El ocaso de La Compañía

El regreso de los hombres de la compañía al campamento fue lo que la salvó.
Poco antes del alba los grupos de mercenarios que habían estado patrullando toda la noche por aquella parte de la ciudad comenzaron a volver al punto de partida. Con la llegada de los primeros despertó del sueño ligero en el que finalmente había caído no sabía cuánto tiempo atrás. Entonces se percató de que la llama sobrevivía a duras penas casi convertida del todo en ascuas y, como si hasta no haberse dado cuenta de ese hecho su cuerpo no hubiese notado el frío, un repeluco le recorrió la espalda y la hizo tiritar.

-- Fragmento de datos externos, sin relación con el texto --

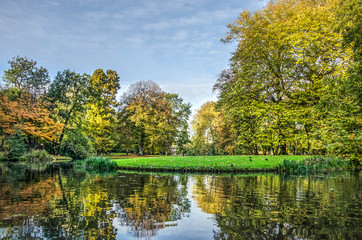 Fototapeta na wymiar Trees in various colors, a blue sky, reflection in a mirror-like pond and a green lawn in the Park in Rotterdma on a sunny day in autumn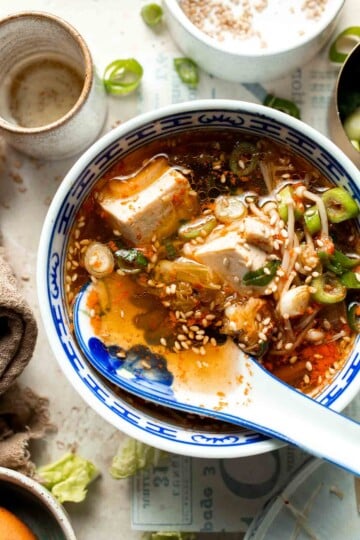 Korean tofu soup served in a blue and white bowl with sesame seeds and green onion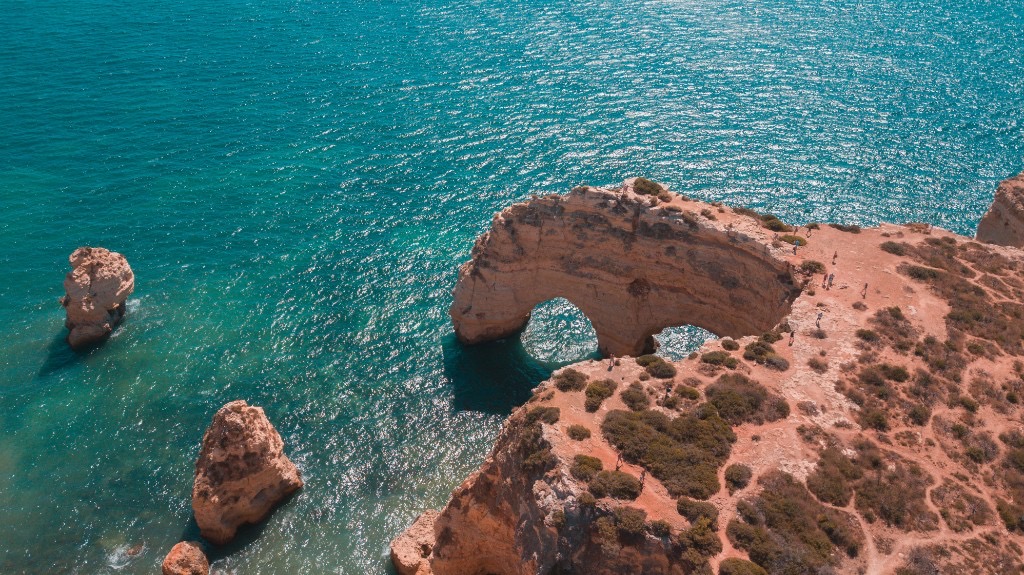 Natural rock arch and turquoise water at Praia de Marinha, Algarve, Portugal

Se levantó todo lo rápido que pudo, luchando contra el entumecimiento de sus músculos y la somnolencia que aún no la había abandonado. Se estiró un poco intentando entrar en calor y echó varios leños a las gimoteantes brasas. Cuando estos prendieron no fue la única en agradecer que el fuego renaciera con renovado vigor, ya que a esas alturas eran varios los que se acercaban al mismo con la esperanza de calentarse tras una larga noche. Pensó en ese momento que quizás algo para llevarse a la boca podría hacerles bien, así que se encaminó al fondo de la tienda central con idea de reunir algunas provisiones.
Fue entonces, mientras hurgaba en un par de barriles buscando un poco de carne seca que poder tostar en la lumbre, cuando algo inesperado ocurrió.
—¡A las armas! ¡Nos atacan! —gritó uno de los hombres de pronto.
El grito acabó con un gorgoteo que no comprendió, al menos no hasta que, corriendo para deshacer sus pasos, llegó de nuevo a la lumbre y contempló lo que le había ocurrido.
—¡A por ellos, que ninguno escape con vida! ¡Sangre o gloria! —aulló una figura encaramada a uno de los tejados colindantes.
—¡Sangre o gloria! —fue el eco que le siguió, que parecía provenir de todas las casas de alrededor.
Y empezó el infierno. Comenzaron a llover proyectiles desde todas direcciones sobre los hombres que se hallaban al descubierto en la plaza, la gran parte de los que habían vuelto al campamento. Era una matanza, una sangría. Uno tras otro los cadáveres se acumulaban en el firme, la sangre corría por las grietas del enlosado, la muerte se extendía de una forma que nunca había presenciado. Estaba tan horrorizada por el espectáculo que no podía mover ni un ápice de su cuerpo, no podía reaccionar. Quería correr, salir de allí, esconderse y gritar hasta que todo hubiera terminado. Pero era incapaz de hacer nada de eso.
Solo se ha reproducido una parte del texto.